Paul Atkins, a former SEC commissioner who is the team's point man for financial regulatory agencies, is an avowed opponent of regulating Wall Street.
White, an Independent, has had to forge consensus amid sometime robust opposition from the two Republicans on the five-member commission.
Republicans criticized her for what they saw as overreach by the agency that could stifle financial innovation and economic growth.
Some Democrats, meanwhile, accused her of not being tough enough on Wall Street and top executives who may have contributed to the crisis.
Sen. Elizabeth Warren, the liberal Democratic leader who is a fiery critic of Wall Street, last month called on Obama to replace White over the issue of requiring publicly traded corporations to more fully disclose their political spending.
Under questioning at a Senate hearing, White wouldn't commit to getting the commission to adopt such a rule. She cited a Republican amendment to a catch-all government spending bill that prohibits the SEC from doing so.

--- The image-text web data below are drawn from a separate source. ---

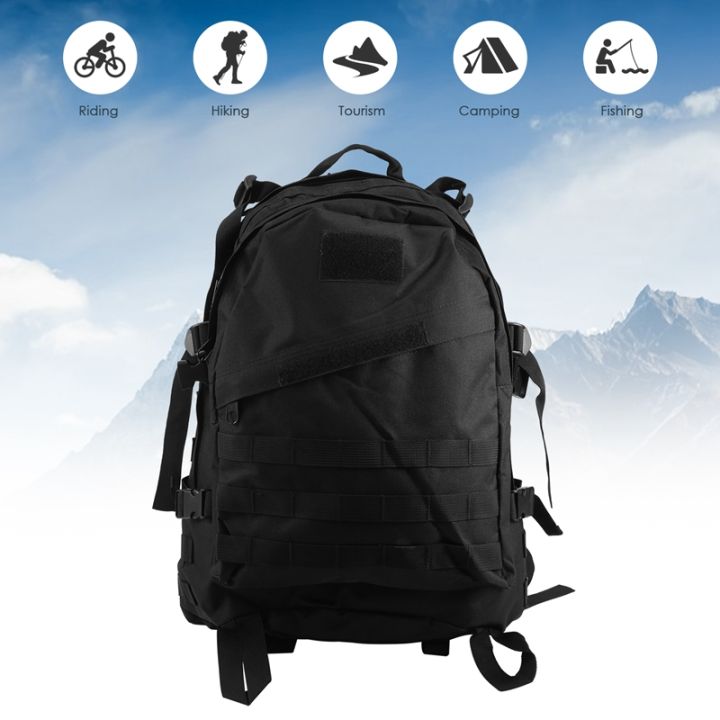 outdoor-40l-600d-waterproof-oxford-cloth-military-rucksack-backpack-bag-acu-camouflage-sports-travelling-hiking-bag-black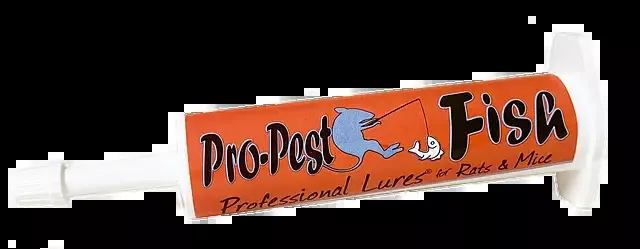 Pro-Pest Fish Flavored Rat Mouse Lure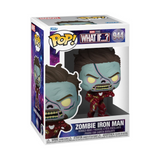 Zombie Iron Man #944 Marvel What If Funko Pop figure in original box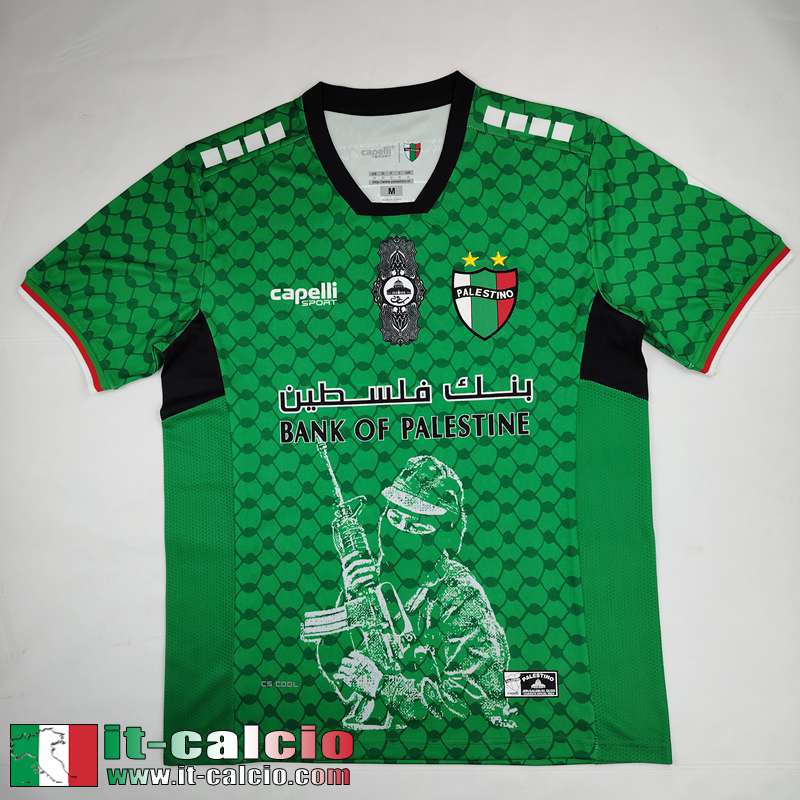 Maglia Calcio Palestine Special Edition Uomo 2024 2025 TBB670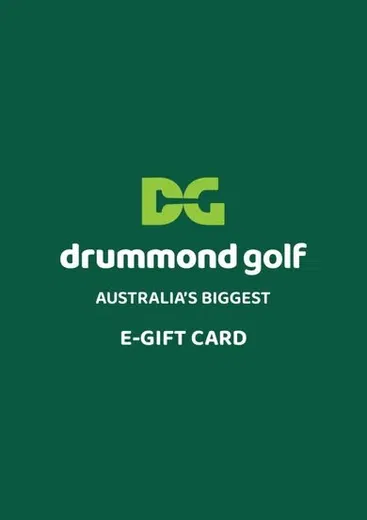 Drummond Golf 150 AUD Gift Card (Australia) gallery image 2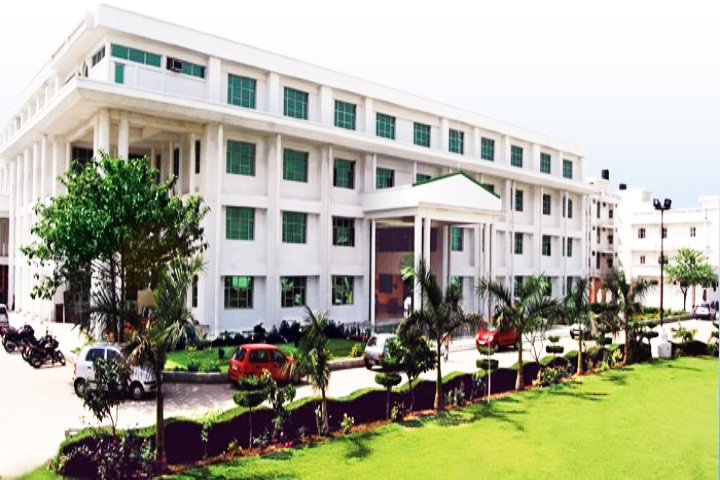 Shree Bankey Bihari Dental College & Research Centre, Masuri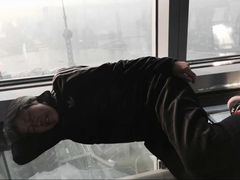 -上海环球金融中心云端足球盛典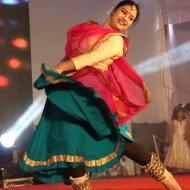 Anwesha K Dance trainer in Bangalore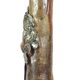 Ceramic lamp base signed Alain GIREL – H. 52 cm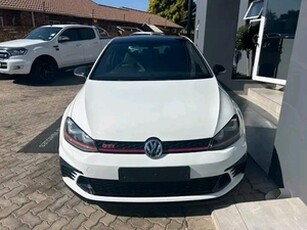 Volkswagen Golf GTI 2017, Automatic, 2 litres - Pretoria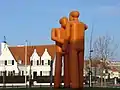 Escultura di Joep van Lieshout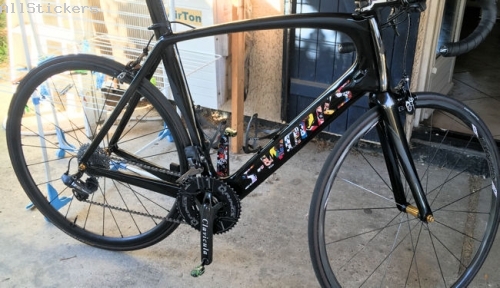 BomberStickers S-Works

Warren and several other Democratic senators were angered by White's position and by waffling on the issue by two long-pending Obama nominees to fill vacancies on the SEC. They blocked the nominations of the two candidates, a Democrat and a Republican. As a result, the five-member SEC has been down two since December 2015. The positions will likely be filled by Trump nominees.
In its announcement Monday, the SEC noted a number of rules and policies that White shepherded during her tenure, including regulations under the landmark Dodd-Frank law. Also included were changes to shore up the stability of the money-market fund industry and new protections for mutual fund investors.

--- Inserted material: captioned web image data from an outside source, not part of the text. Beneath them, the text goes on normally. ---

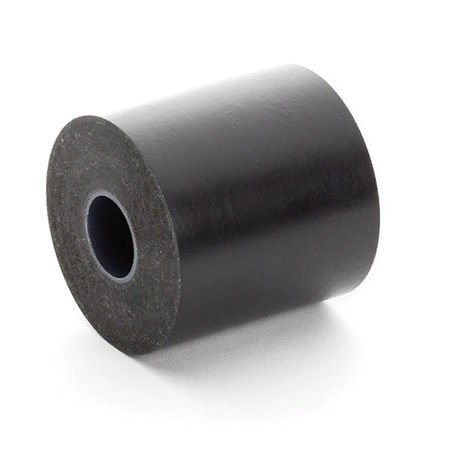 RAUTITAN Koruyucu Bant siyah, genişlik 50 mm, rulo 33 m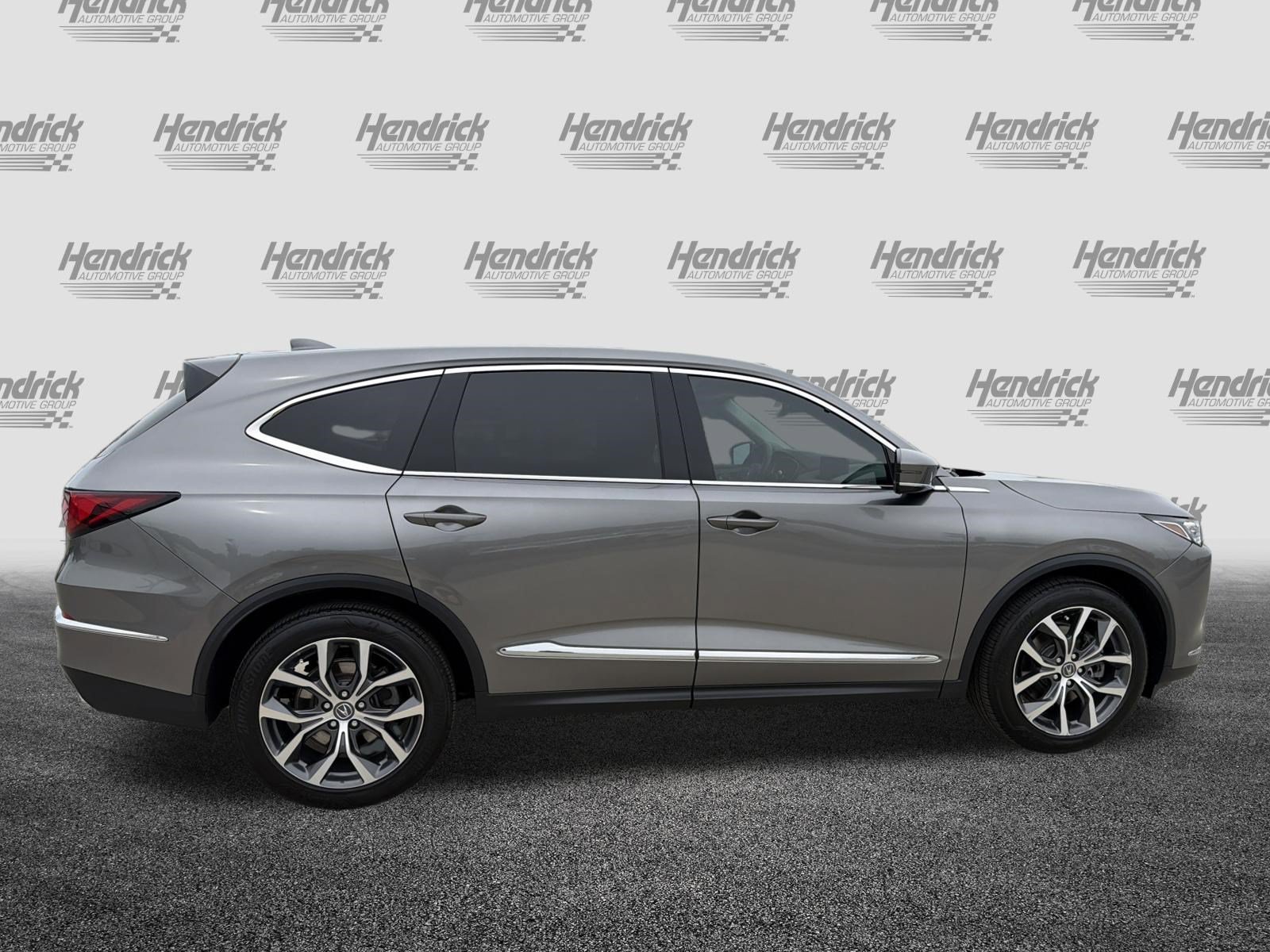 Certified 2023 Acura MDX SH-AWD w/ Technology Package image 11
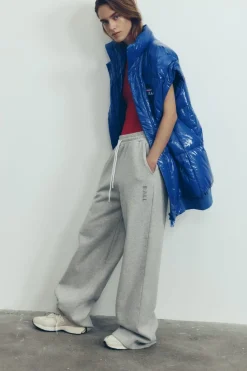 Discount Ball Simona Sweatpant 204054 Medium Grey Melange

The SEC also required financial firms that sell securities backed by mortgages or auto loans, like the kind that fueled the crisis, to give investors details on borrowers' credit records and income.

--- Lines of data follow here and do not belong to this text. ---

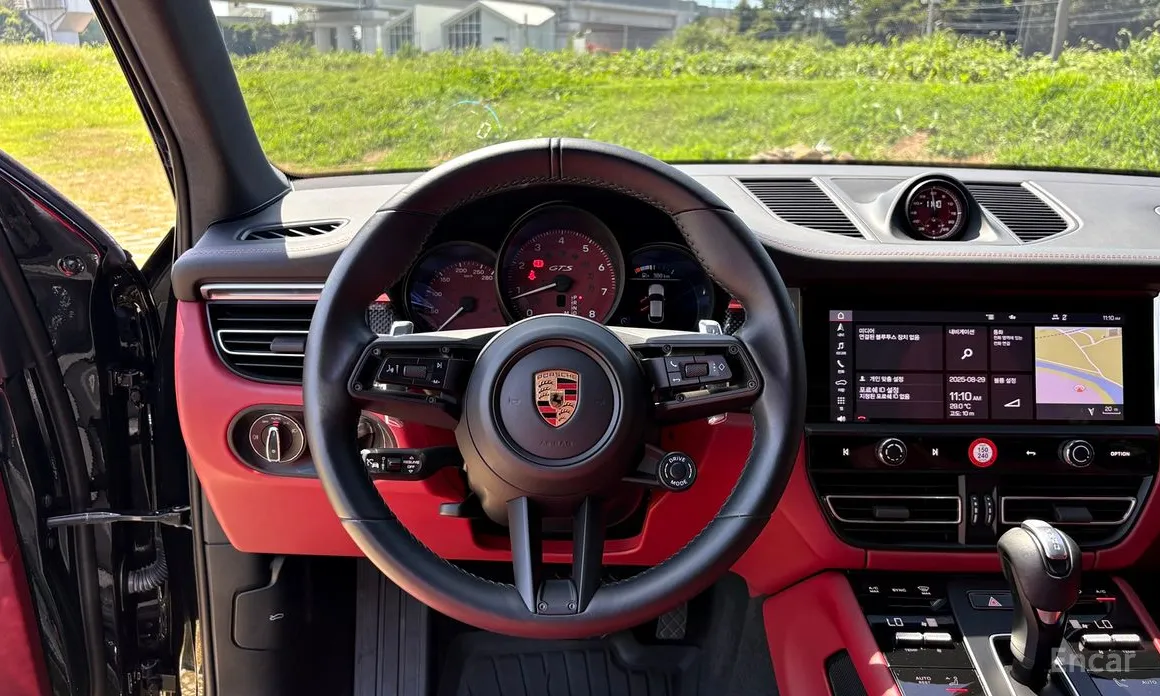 Фото 9 - Porsche Macan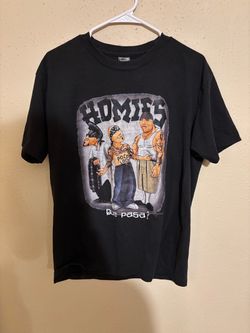 homies tshirt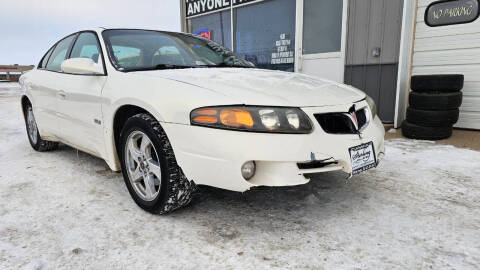 2004 Pontiac Bonneville SLE
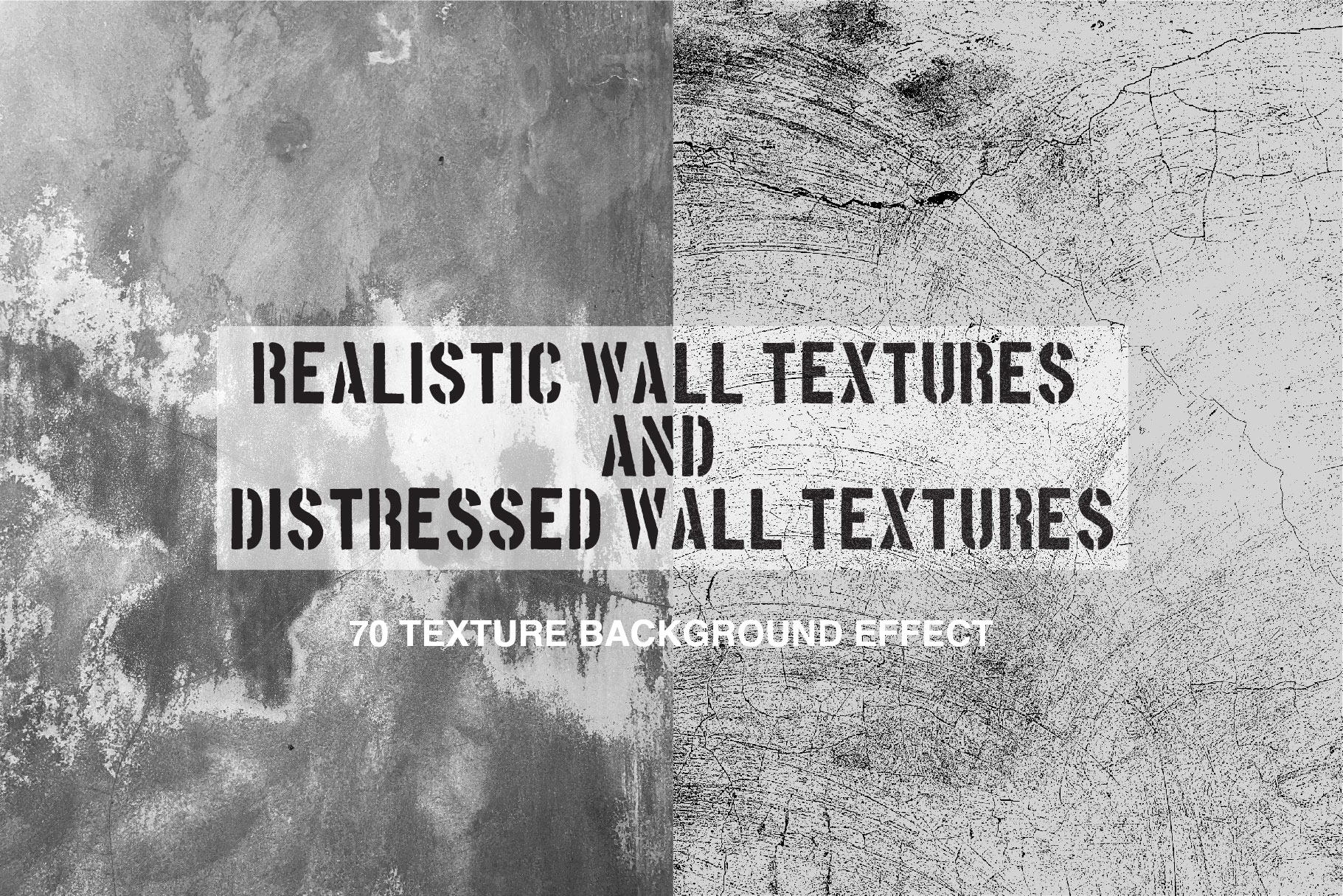 70 Wall textures background, a Texture Graphic by made_by_nope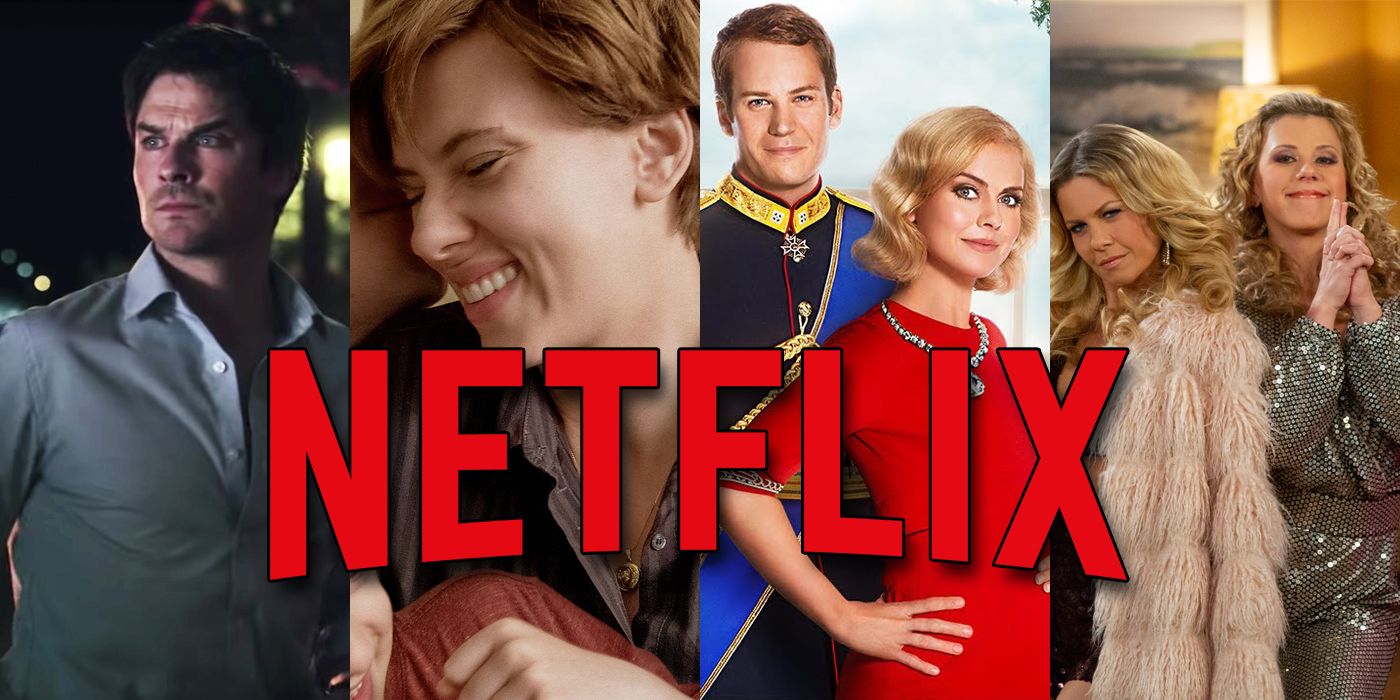 Netflix: Best New TV Shows & Movies This Weekend (December 6)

"My duty has been to ensure that the (SEC) implemented strong investor and market protections, and to establish an enduring foundation for future progress in the most critical areas," White said in a statement. "Thanks to the hard work and dedication of the SEC's staff, we have accomplished both."
Reflecting criticism from consumer and investor groups, Lisa Gilbert of Public Citizen called White "a disappointing chair."
"For more than three years, she stymied effective regulation from the SEC, slow-walking Dodd-Frank rules," said Gilbert, who heads the group's Congress Watch unit.
And now, she added, the Trump administration "likely will nominate someone in her place who is even more skeptical of investor protections."
White, who was U.S. attorney in Manhattan from 1993 through 2002, compiled an extensive record of prosecuting white-collar crime, won convictions in the 1993 World Trade Center bombing and the 1998 terrorist attacks on two U.S. embassies in Africa, and put crime boss John Gotti away. Her 2013 nomination by Obama as the first prosecutor to lead the SEC was taken as a signal in some quarters that he wanted the government to get tougher with Wall Street.
After leaving government, White worked for a decade as a corporate attorney at a New York-based firm, her blue-chip client roster including JPMorgan Chase, Microsoft, General Electric and Toyota.
That work prompted tough questioning by some senators at her confirmation hearing in March 2013. White promised that she would avoid potential conflicts of interest caused by her past legal work and that of her husband, who is a corporate attorney. She said her work for large banks and corporations didn't mean that she had embraced their policies.